ML ‹Synchronized.change Phi_Syntax.semantic_oprs (Symtab.update (\<^const_name>‹op_fix_point›, 0))›


subsubsection ‹Simple Properties›

lemma SemRec_IR: "SemRec F x r y ⟹ SemRec (F o F) x r y"
  by (induct rule: SemRec.induct, rule SemRec_I0, simp)
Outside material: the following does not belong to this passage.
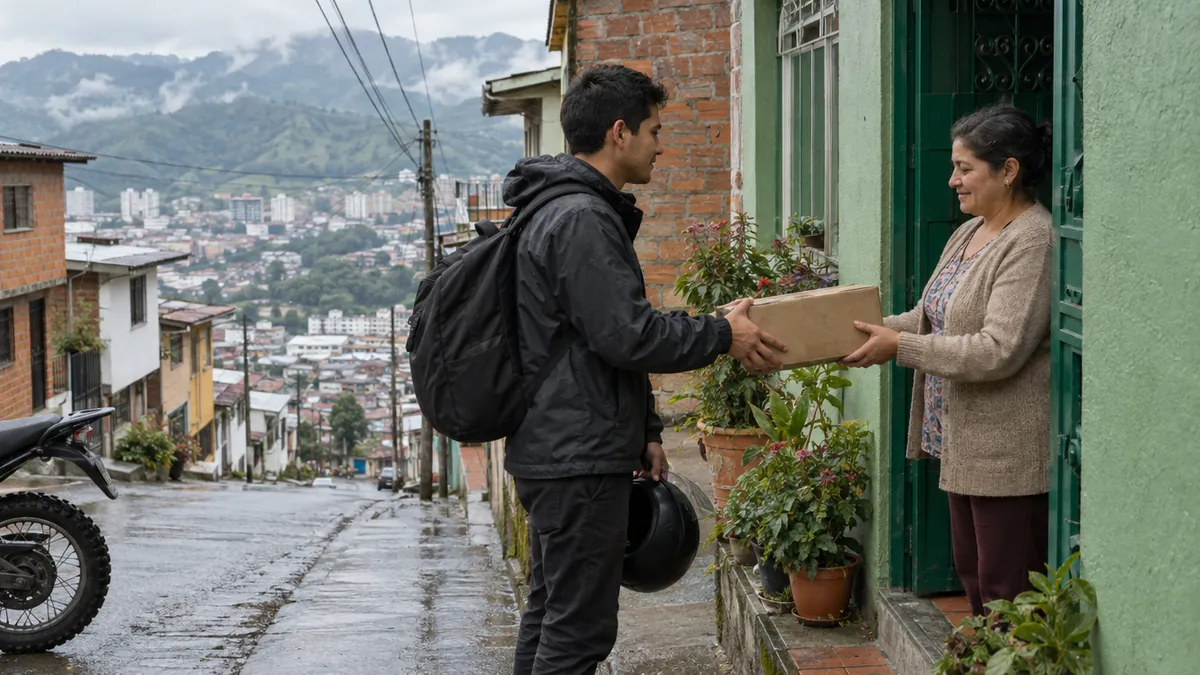 Mensajero entrega un paquete a una clienta en la puerta de su casa, en un barrio de ladera de Manizales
lemma SemRec_deterministic:
  assumes "SemRec c s r s1" and "SemRec c s r s2" shows "s1 = s2"
proof -
  have "SemRec c s r s1 ⟹ (∀s2. SemRec c s r s2 ⟶ s1 = s2)"
    apply (induct rule: SemRec.induct)
     apply clarify
    subgoal for F a b y s2 apply (rotate_tac 1)
      apply (induct rule: SemRec.induct) by auto
    apply clarify apply (blast intro: SemRec_IR) done
  thus ?thesis using assms by simp
qed

lemma SemRec_deterministic2: " SemRec body s r x ⟹ The (SemRec body s r) = x"
  using SemRec_deterministic by (metis theI_unique)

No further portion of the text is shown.